European Union law precludes national legislation that prescribes general and indiscriminate retention of data, the EU Court of Justice ruled today.
Judges gave the ruling in two cases referred to the court, one from Sweden and one initially brought by the now Brexit secretary, David Davis, when he was a backbench MP, and Tom Watson, Labour’s deputy leader, over the legality of GCHQ’s bulk interception of call records and online messages. Mr Davis withdrew from the case following his appointment as a minister.
Both cases were brought in the wake of the court's Digital Rights Ireland judgment of 2014, when the court declared invalid the directive on the retention of data as in breach of fundamental rights to respect for privacy and the protection of personal data, since the obligation to retain data was not limited to what was strictly necessary. They challenged Swedish and UK legislation reflecting the directive – in the UK, s 1 of the Data Retention and Investigatory Powers Act 2014 – imposing obligations on providers of electronic communications services to retain data relating to those communications.
The UK Government maintained that intercepted communications were a vital part of the fight against terrorism.
In its ruling the court said that while member states could restrict the scope of the obligation to ensure the confidentiality of communications and related traffic data, the exception to the obligation could not become the general rule.
It was settled in the court's case law that protection of the fundamental right to respect for private life required that derogations from the protection of personal data should apply only in so far as was strictly necessary.

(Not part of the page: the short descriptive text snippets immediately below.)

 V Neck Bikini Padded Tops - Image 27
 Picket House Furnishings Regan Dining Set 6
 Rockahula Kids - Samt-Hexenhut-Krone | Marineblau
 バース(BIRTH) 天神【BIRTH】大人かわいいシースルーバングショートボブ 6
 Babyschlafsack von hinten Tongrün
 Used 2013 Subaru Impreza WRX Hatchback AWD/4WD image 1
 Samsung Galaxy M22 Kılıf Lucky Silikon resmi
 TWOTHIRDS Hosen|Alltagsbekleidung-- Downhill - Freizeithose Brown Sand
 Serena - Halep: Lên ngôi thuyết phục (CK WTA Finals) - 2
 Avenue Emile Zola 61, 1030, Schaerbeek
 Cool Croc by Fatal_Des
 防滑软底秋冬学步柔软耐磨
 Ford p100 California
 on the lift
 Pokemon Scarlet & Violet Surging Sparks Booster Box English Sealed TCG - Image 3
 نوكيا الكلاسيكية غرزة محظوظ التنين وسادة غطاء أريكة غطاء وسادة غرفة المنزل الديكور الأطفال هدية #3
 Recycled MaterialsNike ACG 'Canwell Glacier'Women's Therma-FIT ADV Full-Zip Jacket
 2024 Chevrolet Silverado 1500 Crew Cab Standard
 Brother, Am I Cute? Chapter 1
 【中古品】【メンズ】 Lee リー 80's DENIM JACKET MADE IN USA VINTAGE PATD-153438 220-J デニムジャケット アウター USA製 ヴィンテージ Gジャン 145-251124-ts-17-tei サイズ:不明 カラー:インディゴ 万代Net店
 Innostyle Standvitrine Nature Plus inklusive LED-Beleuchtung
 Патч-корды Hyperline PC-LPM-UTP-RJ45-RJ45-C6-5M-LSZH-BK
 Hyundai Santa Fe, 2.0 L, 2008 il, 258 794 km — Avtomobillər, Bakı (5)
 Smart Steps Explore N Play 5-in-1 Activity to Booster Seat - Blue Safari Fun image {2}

In the present cases the retained data, taken as a whole, were liable to allow very precise conclusions to be drawn concerning the private lives of the persons whose data has been retained. Such interference with rights "must therefore be considered to be particularly serious". The fact that the data were retained without the users of electronic communications services being informed was "likely to cause the persons concerned to feel that their private lives are the subject of constant surveillance". Consequently, only the objective of fighting serious crime was capable of justifying such interference.
National legislation could impose a targeted retention of data for the purpose of fighting serious crime, provided the categories of data, the means of communication, the persons concerned and the retention period adopted, were all limited to what is strictly necessary. Any legislation to that effect had to be clear and precise, and provide for sufficient guarantees of the protection of data against risks of misuse.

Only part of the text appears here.